Hi Olley, i have been most of the ones you have posted and a couple you have not so i will enter them next. Both Barcelona sites and one in Madrid.

I am copying from a list i got from Gasauto Alicante (Feb. 2008) which the old guy on the pump assured me it was bang up to date.

The Granada site matches your entry so does the Cordoba one on this list so have you made the amendments to the database to correct your info. But if you do not think it wise too continue until they have all been verified i will enter no more. 

Bob


----------



## 107990 (Oct 30, 2007)

I looked for the one that is usually listed in Jerez back in January. If it exists i couldn't find it. Gave up after about 4 hours and waited till i got to Portugal.


----------



## whistlinggypsy (May 1, 2005)

DollarYen, i was at the Jerez one in Feb. but it has a different address than Olley posted but is the same station, and i found it quite easily with my TT.

Bob


----------



## olley (May 1, 2005)

Hi Bob, keep doing list, the more up to date info we can get the better. I tried in jan. this year to find the one at Alcala de Henares, near Madrid, the address is Ctra Nacional 11 but after about 30 minutes of looking I gave up. 

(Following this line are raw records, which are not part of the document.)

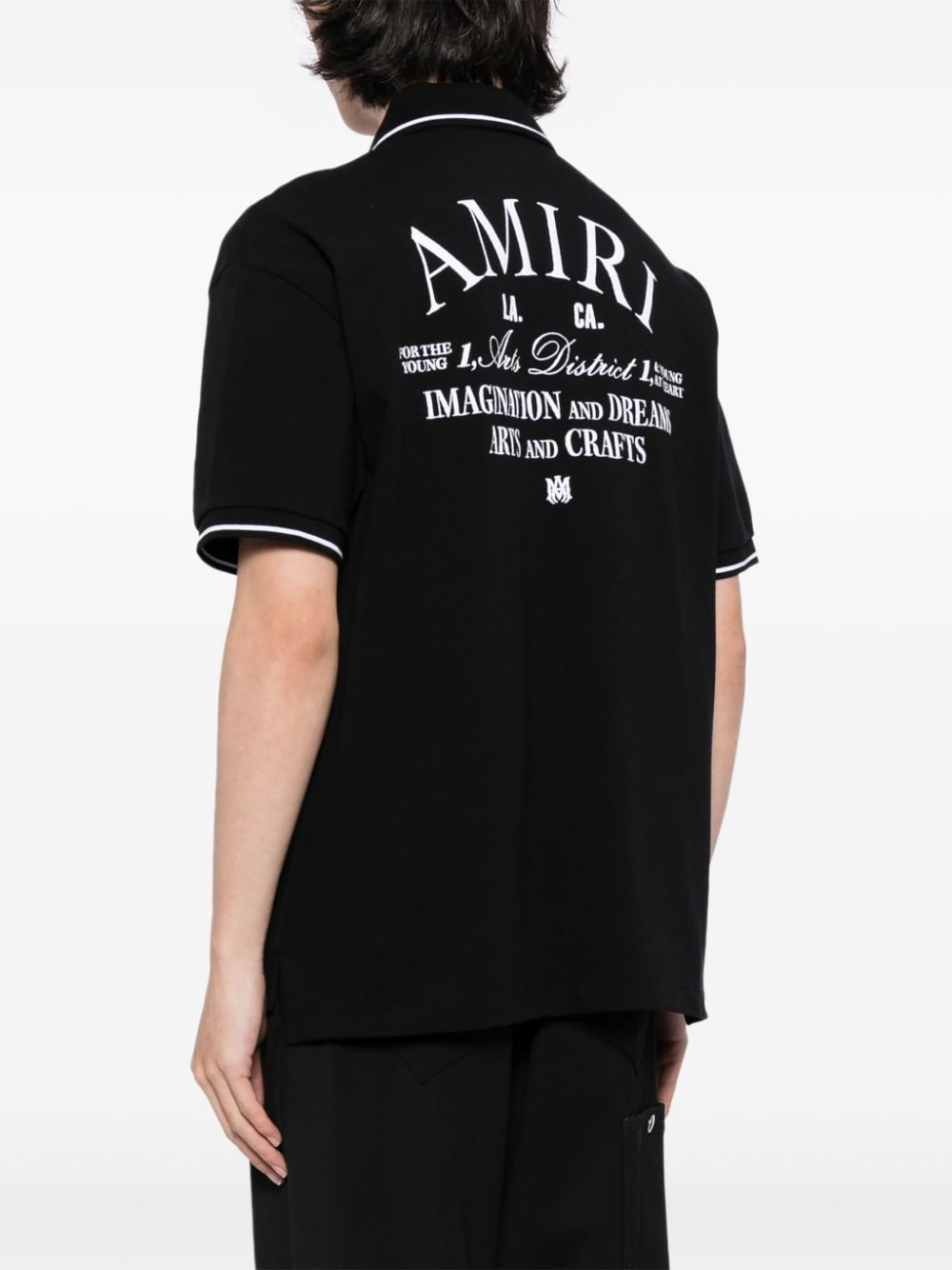 Shop Amiri Logo-embroidered Cotton Polo Shirt In Black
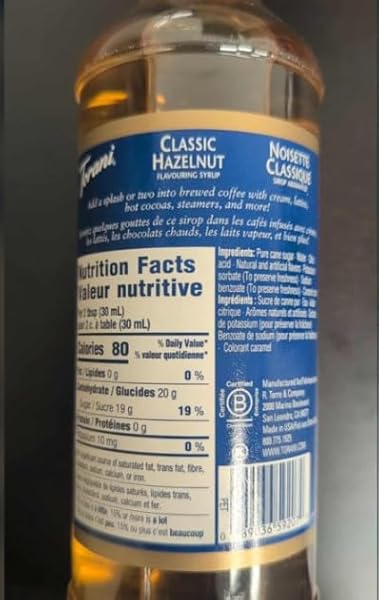 TORANI SYRUP, CLASSIC HAZELNUT, 25.4-OUNCE BOTTLES (PACK OF 3)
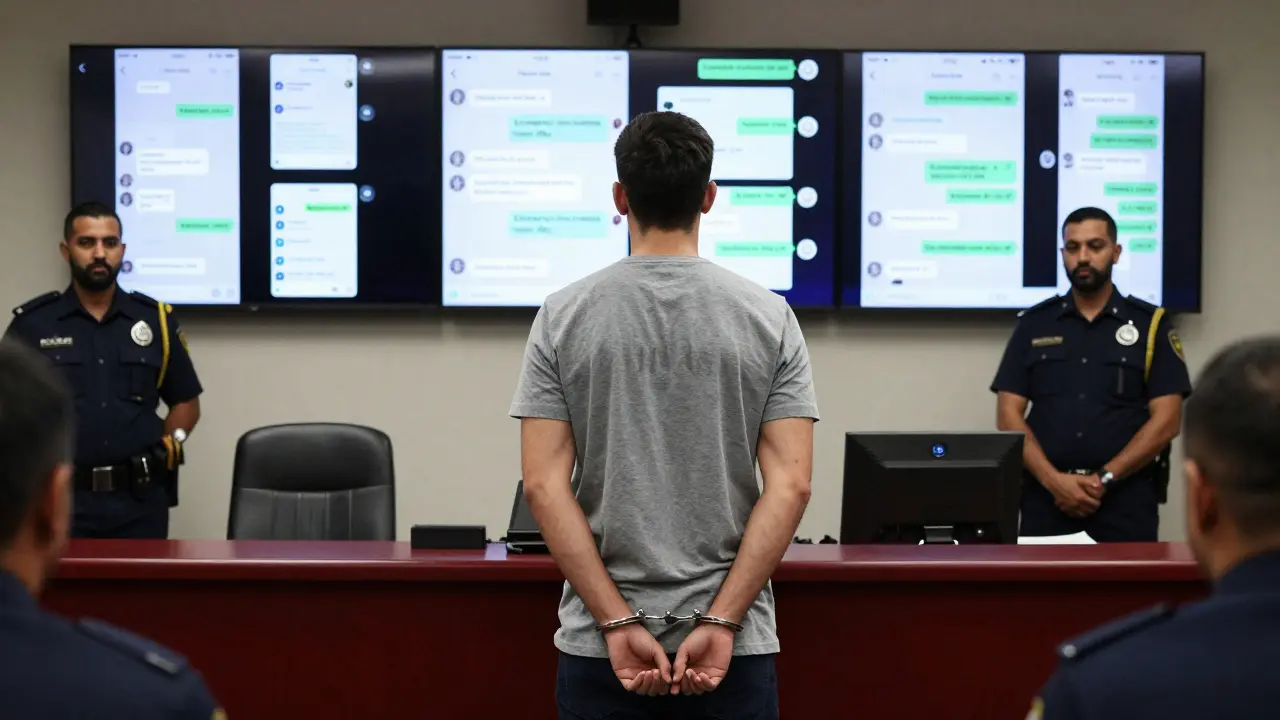 A foreign tourist in handcuffs stands in a Dubai courtroom as digital evidence of online scams is displayed.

I have ammended my Vigo GPS to yours, and looking on google maps it looks ok for RV's. Any more you can get would be great.

Sorry about the addresses for Grenada and cordoba, they are still wrong but the GPS is now right, I will have to go through the s/s and put new addresses in. 

Olley


----------



## whistlinggypsy (May 1, 2005)

Olley, the site you mention near Madrid is not even on my list, but then my list is only for Repsolgas Estaciones so if they are not Repsol they may be different from yours.

Bob


----------



## olley (May 1, 2005)

hi bob I have now updated the addresses on my s/s above. I trawled around the net to get all of the ones I could, thats why I show Galp, Shell, etc.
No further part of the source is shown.